Would you retype exactly the lines below, from the one containing "Mercedes-Benz E-Класс, 2020" through the end of the entries, both ends included, but not the pictures?

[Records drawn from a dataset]
_ _ _
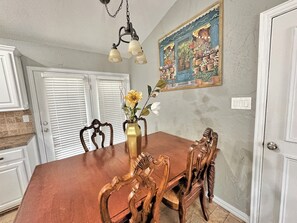Dining - Charming 2-bedroom house with AC, WiFi in wonderful The Colony (The Colony)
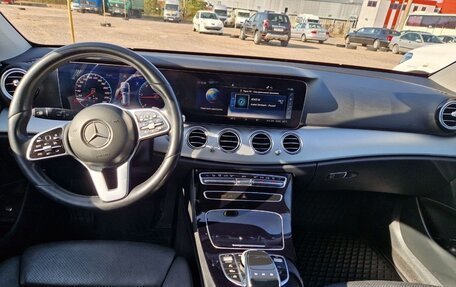 Mercedes-Benz E-Класс, 2020 год, 2 350 000 рублей, 9 фотография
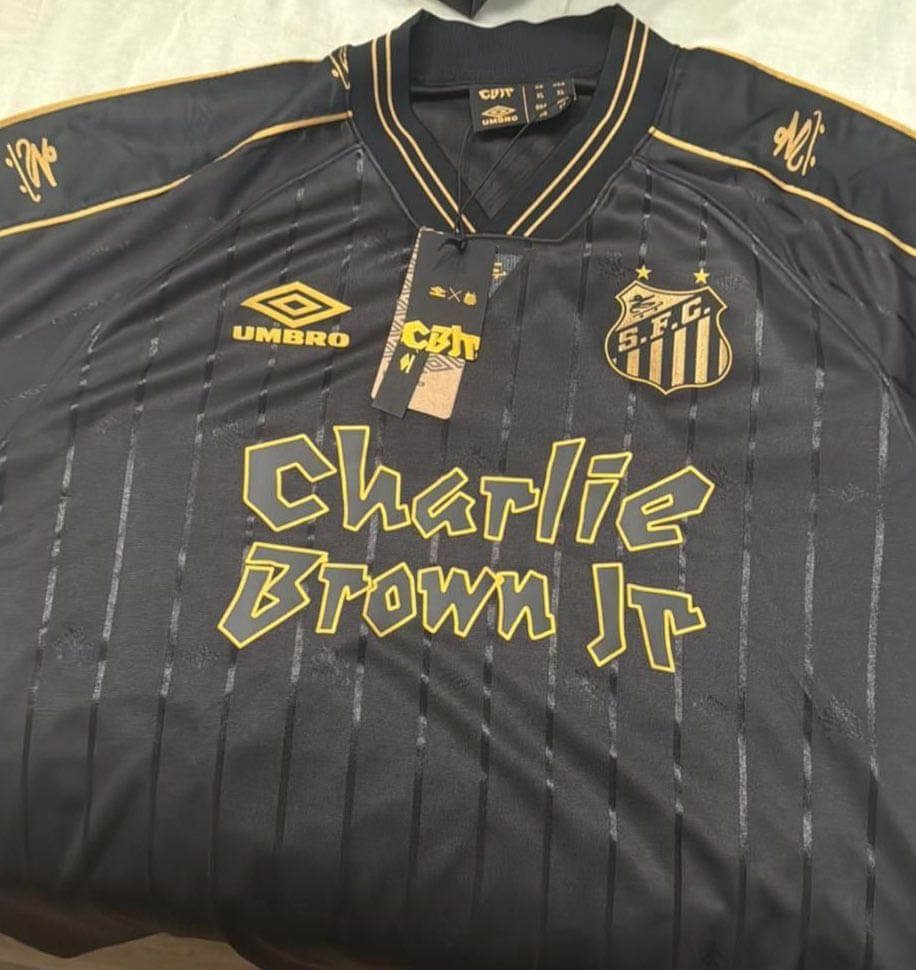 Torcida de olho! Nova camisa da collab entre Santos e Charlie Brown Jr.  vaza na web; confira as fotos – Santistas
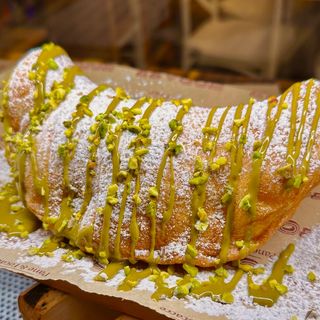 panzerotto fritto con  crema dolce al pistacchio 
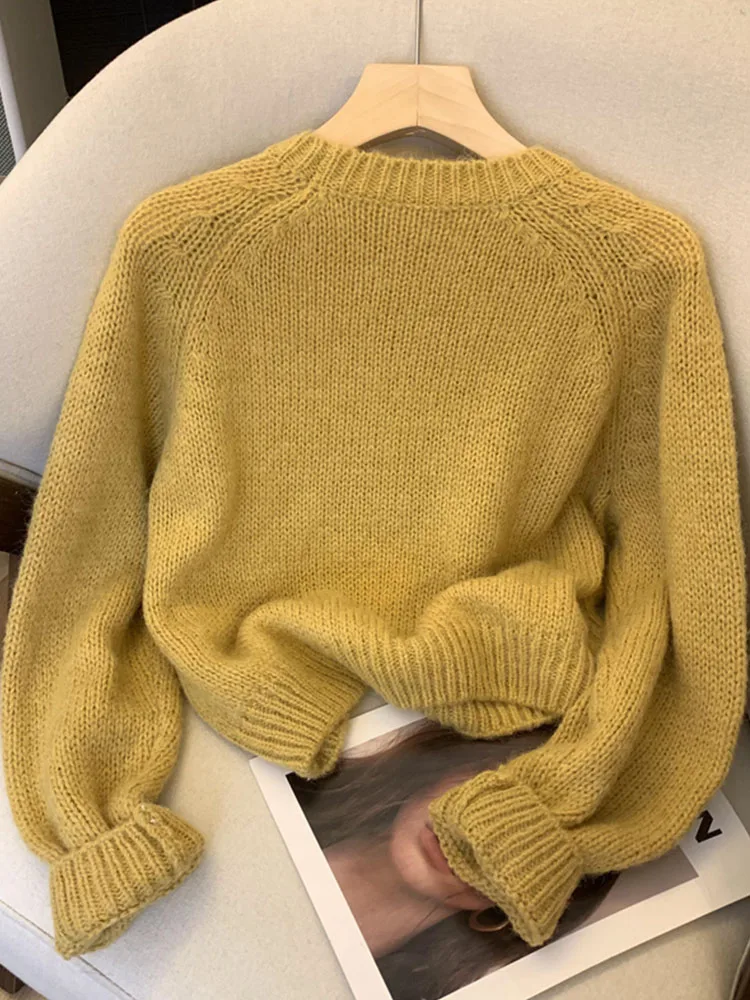 Модный простой классический вязаный свитер винтажный с круглым вырезом и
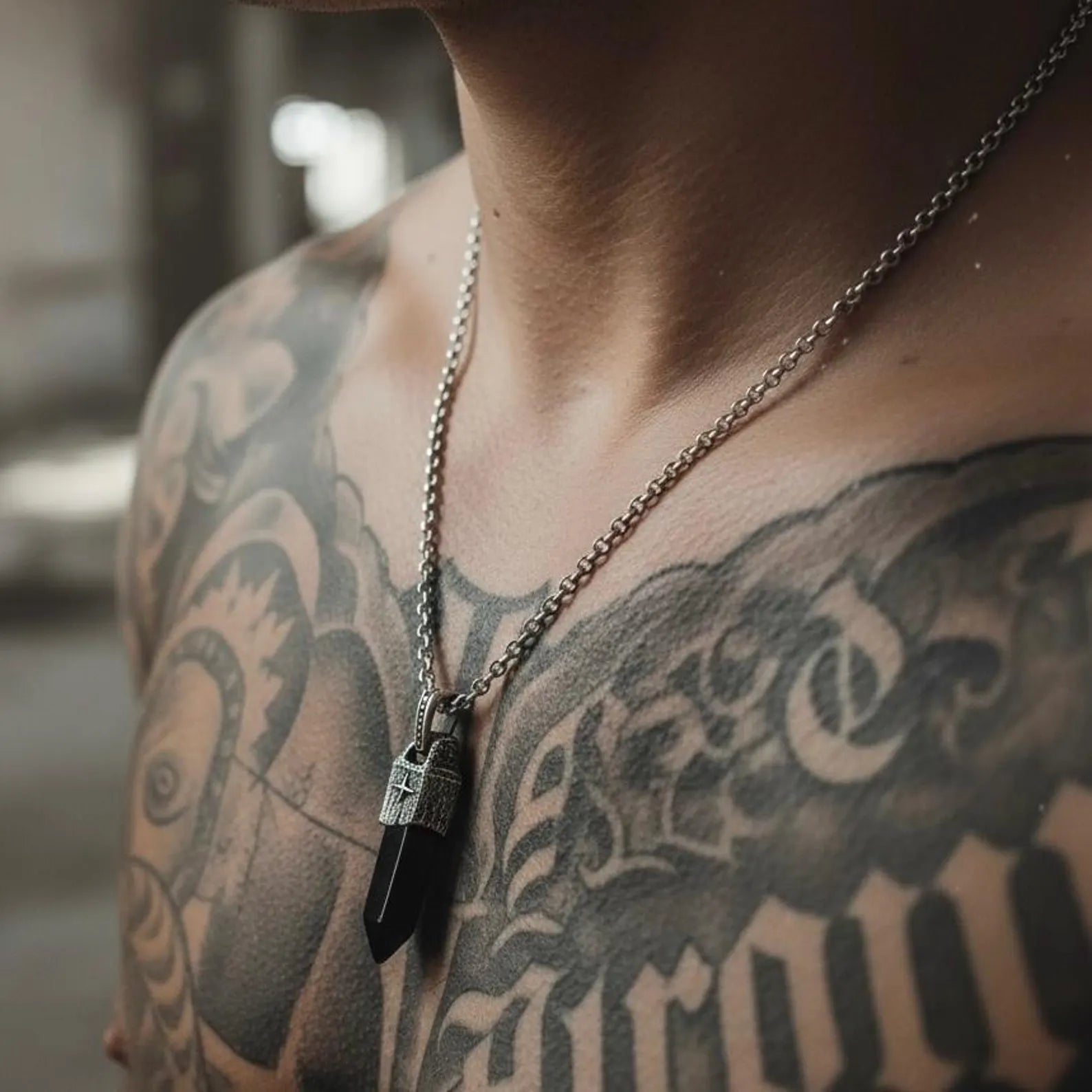 Unisex obsidian pendant necklace crafted from high-quality 925 sterling silver, featuring a natural obsidian talisman framed with intricate vintage-inspired silverwork and compass accents. Oxidized and hand-polished finish makes this the perfect anniversary, Christmas, or birthday gift for him with optional custom engraving.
_ _ _
Exercise answer:
 Mercedes-Benz E-Класс, 2020 год, 2 350 000 рублей, 9 фотография
 Torcida de olho! Nova camisa da collab entre Santos e Charlie Brown Jr.  vaza na web; confira as fotos – Santistas
 panzerotto fritto con  crema dolce al pistacchio 
 Модный простой классический вязаный свитер винтажный с круглым вырезом и
 Unisex obsidian pendant necklace crafted from high-quality 925 sterling silver, featuring a natural obsidian talisman framed with intricate vintage-inspired silverwork and compass accents. Oxidized and hand-polished finish makes this the perfect anniversary, Christmas, or birthday gift for him with optional custom engraving.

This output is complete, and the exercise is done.